Considerations on the problem of data management.
(0) The cloud is for data that will leak. Account information is being lost constantly. The best secure service out there that I have heard of is tarsnap, which is not a friendly service.
(1) My data needs to be content-searchable, as well as filename searchable. Much of this information can be extracted.
(1.1) My data includes email, pictures, music, video, source code, and in short, the generalized document idea.
(2) Therefore, a search tool needs to be created. Spotlight is a reasonable solution, but afaik, closed source. It can be substantially improved, I expect.

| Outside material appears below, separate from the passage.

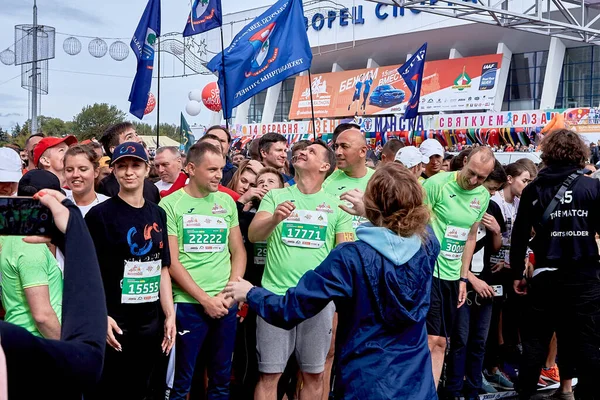 Septiembre 2019 Minsk Bielorrusia Una Gran Multitud Personas Sanas Desconocidas — Foto de Stock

(3) My data needs to be globally versioned. This will incur at least a doubling of the space occupied by it. Git/hg/etc are designed for source code.

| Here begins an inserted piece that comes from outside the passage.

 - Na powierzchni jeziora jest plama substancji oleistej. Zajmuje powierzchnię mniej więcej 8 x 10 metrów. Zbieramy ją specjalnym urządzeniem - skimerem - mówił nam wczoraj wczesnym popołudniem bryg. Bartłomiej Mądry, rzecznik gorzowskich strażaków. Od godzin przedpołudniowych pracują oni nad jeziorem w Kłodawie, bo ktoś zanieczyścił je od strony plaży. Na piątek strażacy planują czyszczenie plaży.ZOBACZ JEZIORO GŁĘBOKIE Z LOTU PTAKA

(4) My data needs to be migratable. This implies that the archives need to be (1) copyable or (2) distributed in nature.
(5) The archive needs to be reasonably transparent to existing management systems. HG, for instance, treats .hg directories as special. So HG can't be used to version .hg systems (which is what is going to logically happen).

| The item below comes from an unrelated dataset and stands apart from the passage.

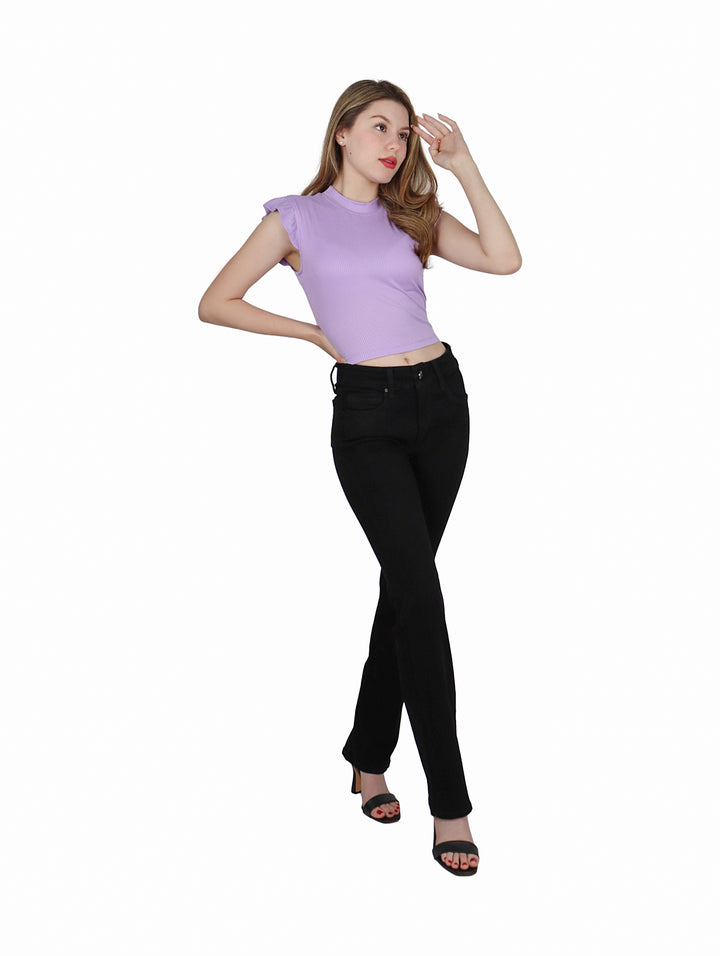Mujer vistiendo jeans rectos de color negro.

(6) A desktop-only solution is fine. The web has problems that I am not interested in solving. A local-only database for the search index is fine, as is possibly storing all the archive information in (cue horrible stories from people who have done distributed databases).
(7) As a core principle set:
(7a) There is no reason that data should be to a computer user who has access to multiple computers and does not suffer destruction of all computer simultaneously.
(7b) There is no reason that textual data should be unsearchable.
(7c) The software that performs these services would be able to access any information on the system and thus ought to be auditable and, ideally, open source.
I'm contemplating what it would take to produce these two things:
- Desktop search service
- Data management/versioning system
I am figuring that the desktop search properly will involve three components: a reasonably aggressive parser hacking apart the data files, a database, and a client interface. The parser will of course have to support a number of different formats.
The data management & versioning system could likely be built on top of git's primitives. The reason I say that is that git is relatively simple under the hood, exposes a lot of its capability to the Linux user, and has a very fast communication protocol. Around this could be wrapped a tarball, the indexer, and a gpg call to bowtie it all off.
Is anyone to work on this sort of thing with me? This is a reasonably serious project that I anticipate would span two or three years before maturity. Things to consider:
- I would insist on A/GPL3 licencing
- I would not drop this project without a reasonable and viable alternative being available. This is sort of a big deal to me.
- I have worked on software both academically, commercialy, and have interacted with open source for years. I can crank code when I am on the roll.
- I am open to using your pet language & tech stack (I'm personally interested in learning Clojure right now), and would learn it if I didn't already know it.
- If we pulled this off, this be of a scope to go on your resume.